EDIT: I think the problem is when you start assuming these are "improvements" for everyone over what has come before as opposed to preferences that you like.
 

You know I'm struck by a thought as I read some of @Tony Vargas and @Abdulalhazred 's posts... 4e has alot of assumptions built into it's mechanics and playstyles... I wonder if it's the fact that some/many didn't necessarily play with these assumptions in place... I wonder if this is perhaps part of the rigidity people felt with 4e. I have to desire effect vs. process driven resolution... by default PC level designates difficulty.... Always push towards conflict... Anything not focused on conflict is unimportant... and so on. For people who ascribed to these principles 4e was probably a great version of D&D... but for the many others who run and play differently it probably felt both alien and restrictive.

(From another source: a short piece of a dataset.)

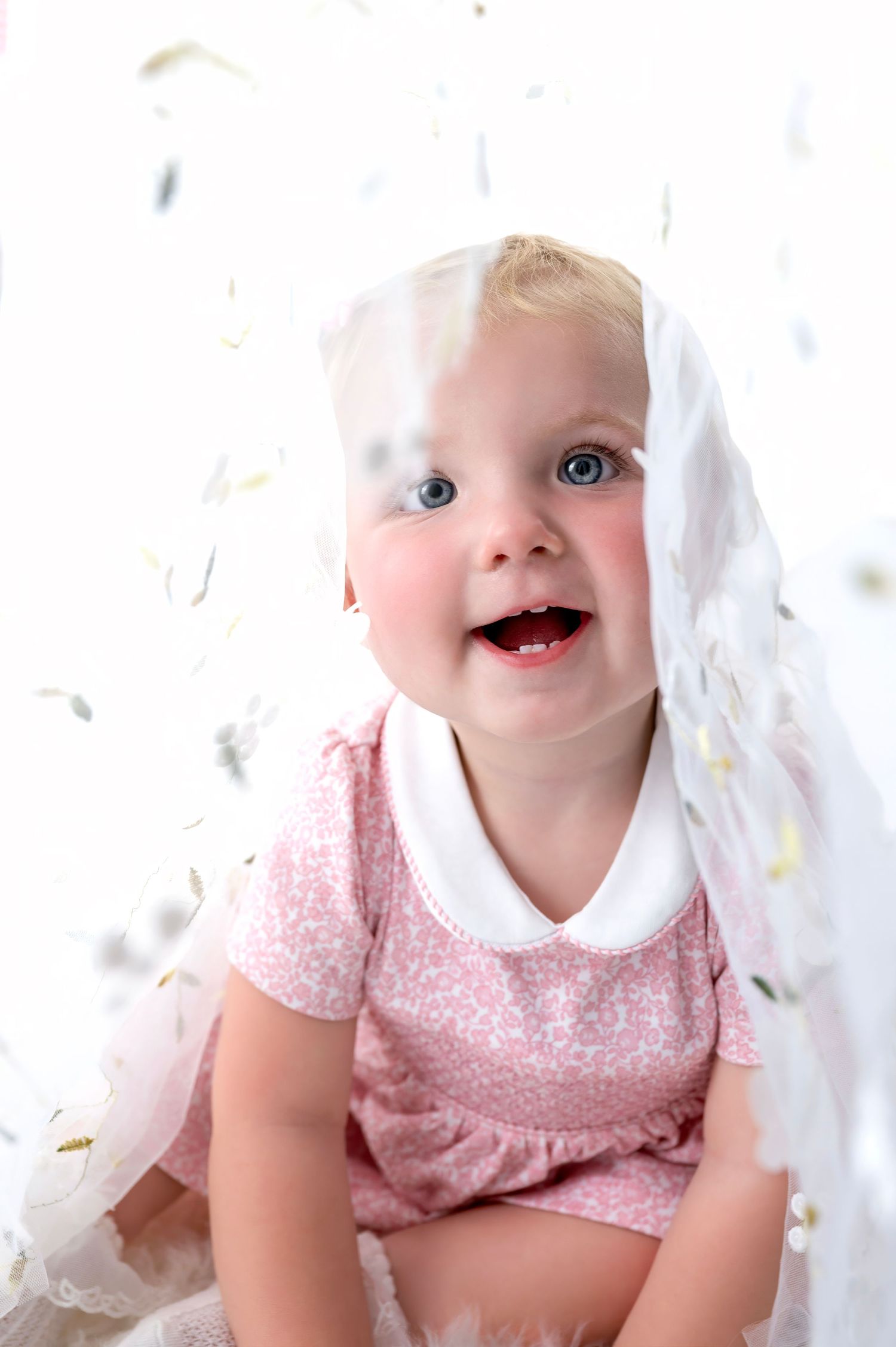 Baby with bright blue eyes and pink dress smiles joyfully under white lace veil.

EDIT: I think the problem is when you start assuming these are "improvements" for everyone over what has come before as opposed to preferences that you like.

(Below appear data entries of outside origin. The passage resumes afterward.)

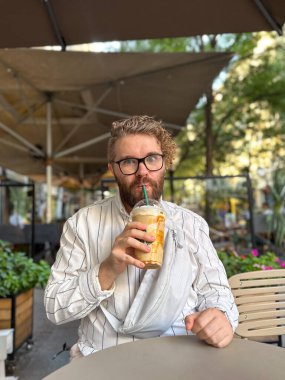 Adam açık kafede karamel frappe içiyor. Sosyal bağlantı, yaz tatili, şehir eğlencesi ve olumlu duygu..
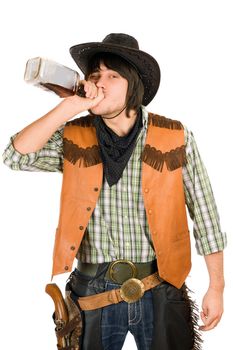 Cowboy drinking whiskey from the bottle. Isolated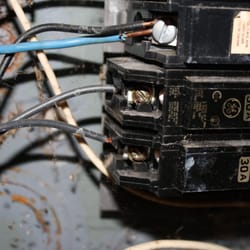 Kennedy Inspections - Double tapped breaker and undersized AC wiring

Sure, far be it from me to say what floats anyone else's boat. What frustrated me was the perception that if people could internalize what it was about they could garner some real advantages, even if their style of play was more 'old-fashioned' (not meaning that pejoratively, but I think its safe to say that most of the things you mention and that others mention hew closely to older forms of the game). I think there were presentation issues, cultural issues, and an unfortunate tendency for many of the 4e crew to make changes to flavor that weren't really necessary. If everyone could have sat down and cooled off and given it a chance and been able to calmly work through what would be good for everyone we should have been able to do that. While the whole 5e process was initially BILLED as that, what it seems (IMHO) to have turned out to be was a bunch of empty promises to one camp while just turning the clock back to please the other camp without really discovering what was at the core of all this. I know people are going to reply with a list of "the things they hated about 4e" in response like its gospel, but I don't think it is. I think a lot of it wasn't really germane to the issue, it was often misapprehension.
 

I assume you're familiar with the various manoeuvres described in medieval combat manuals. There's an extensive library of surviving material, and the one thing you can learn from it is that there's a variety of techniques which serve different purposes, some intended to momentarily stun an opponent, some to put/keep them off balance, some to force them to move, and some merely intended to give yourself some space to recover.
Fair enough. I'll assume that the in-game reality corresponding to "can't make opportunity attacks" is sufficiently distinct from the in-game reality corresponding to "dazed" or "-2 on attacks" that it would make sense that the fighter can attempt specific maneuvers to inflict such conditions.
 

D'karr

Adventurer
The game mechanics for the conditions work almost like building blocks. Each progressive condition gets a better payoff for the attacker and a worse penalty for the target.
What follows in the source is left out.